There are various ways to directly enter the biliary tree using forward-viewing endoscopes.38-40 Endoscopists have described performing direct peroral cholangioscopy using an upper endoscope guided by an intraductal balloon catheter.38 A modified balloon catheter is inserted and fixed within a branch of the intrahepatic duct to facilitate advancement of the endoscope. Alternatively, endoscopists have also described overtube balloon-assisted direct peroral cholangioscopy.39 The device is generally adapted from the overtube of either a single- or double-balloon enteroscope. Using an overtube helps secure the endoscope and prevent loop formation. Both techniques use an ultraslim upper endoscope.

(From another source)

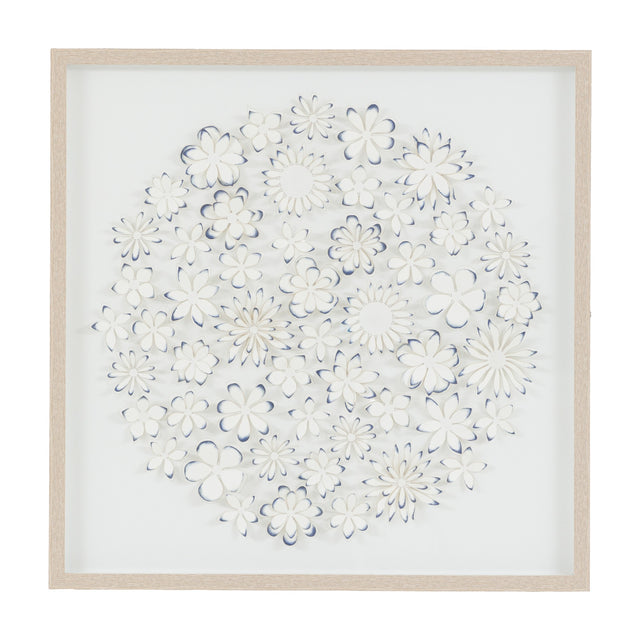 Unfurling Petals Framed Paper Art – White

Our own current approach to direct cholangioscopy is as follows: Initially, an ERCP is performed using a duodenoscope. The bile duct is cannulated and contrast injected to opacify the biliary tree for measurement. A sphincterotomy is performed, or if one was previously done, then the sphincterotomy is dilated to the size of the common bile duct using various types of dilating balloons. The duodenoscope is then withdrawn. An endoscope appropriate for the size of the bile duct is used to enter the second portion of the duodenum. The ampulla is visualized tangentially, and the endoscope is advanced beyond it. The endoscope is then turned to the direction of the ampulla and slowly reduced, orientating the endoscope in the direction of the ampulla. The sphincterotomy can then be directly entered. An occlusion balloon catheter can be placed deeply into the proximal bile duct or intrahepatic system. The balloon can be inflated to anchor the endoscope. The endoscope is then reduced and tension is applied to the balloon, facilitating the advancement of the endoscope deeper into the proximal bile duct. With the endoscope in place, the balloon is deflated and removed, allowing for direct visualization of the biliary tree and facilitating diagnostic and therapeutic options (Figure 4).

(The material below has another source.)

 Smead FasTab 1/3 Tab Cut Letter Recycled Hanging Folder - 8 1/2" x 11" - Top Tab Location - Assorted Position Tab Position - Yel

In addition to a larger field of view, the use of a regular endoscope allows for the use of several advanced modalities that cannot be performed with a “daughter” endoscope or current SpyGlass SOC system. In addition to cytology brushings and normal-sized biopsies, suspicious strictures can also be evaluated using narrow-band imaging, intraductal ultrasonography, and probe-based confocal laser endomicroscopy9,41-43 (Figure 5). Bile duct stones can be treated with EHL under direct visualization (Figures 6A, with accompanying video online, and 6B). Stone fragments may be removed directly using a basket or occlusion balloon. Alternatively, the forward-viewing endoscope may be withdrawn, and a duodenoscope re-inserted for clearance of the stone fragments and placement of stents, if needed.

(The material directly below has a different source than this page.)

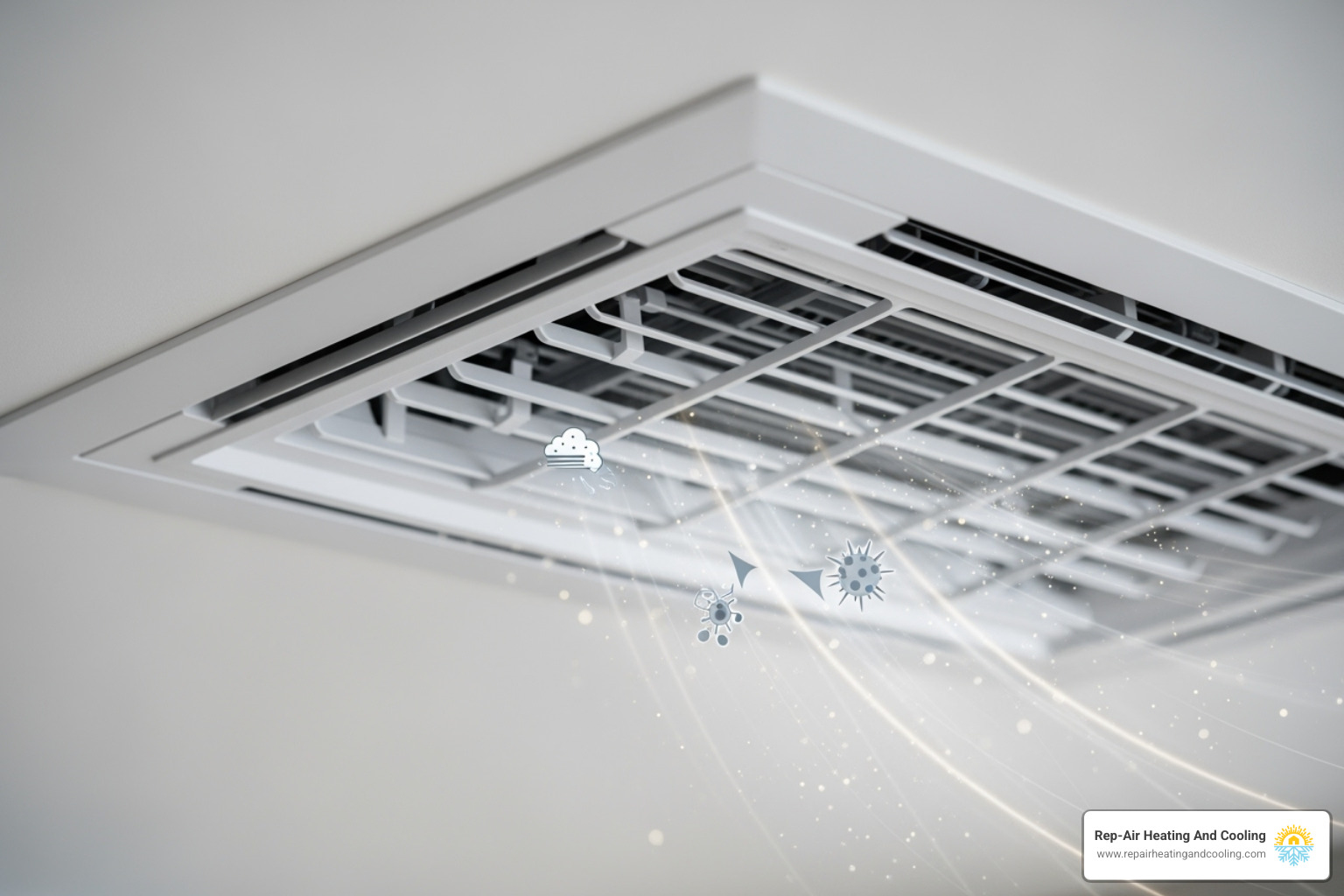 image of clean air flowing from a vent, with icons for allergens and dust being filtered out - AC maintenance benefits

Indirect visualization of the biliary tree is imperfect, and current methods for the evaluation of biliary strictures are limited in their sensitivity. This article reviewed the evolution of direct cholangioscopy—including mother-daughter systems, PEERS, skinny-needle PTC, catheter-based SOC systems, a ductal anchoring device, and novel techniques for direct peroral cholangioscopy—and described a new technique for direct visualization of the biliary tree for diagnosis and intervention. There remains opportunity for innovation as endoscopists strive for safe and less-invasive methods for the identification and treatment of biliary pathology.

The authors have no relevant conflicts of interest to disclose.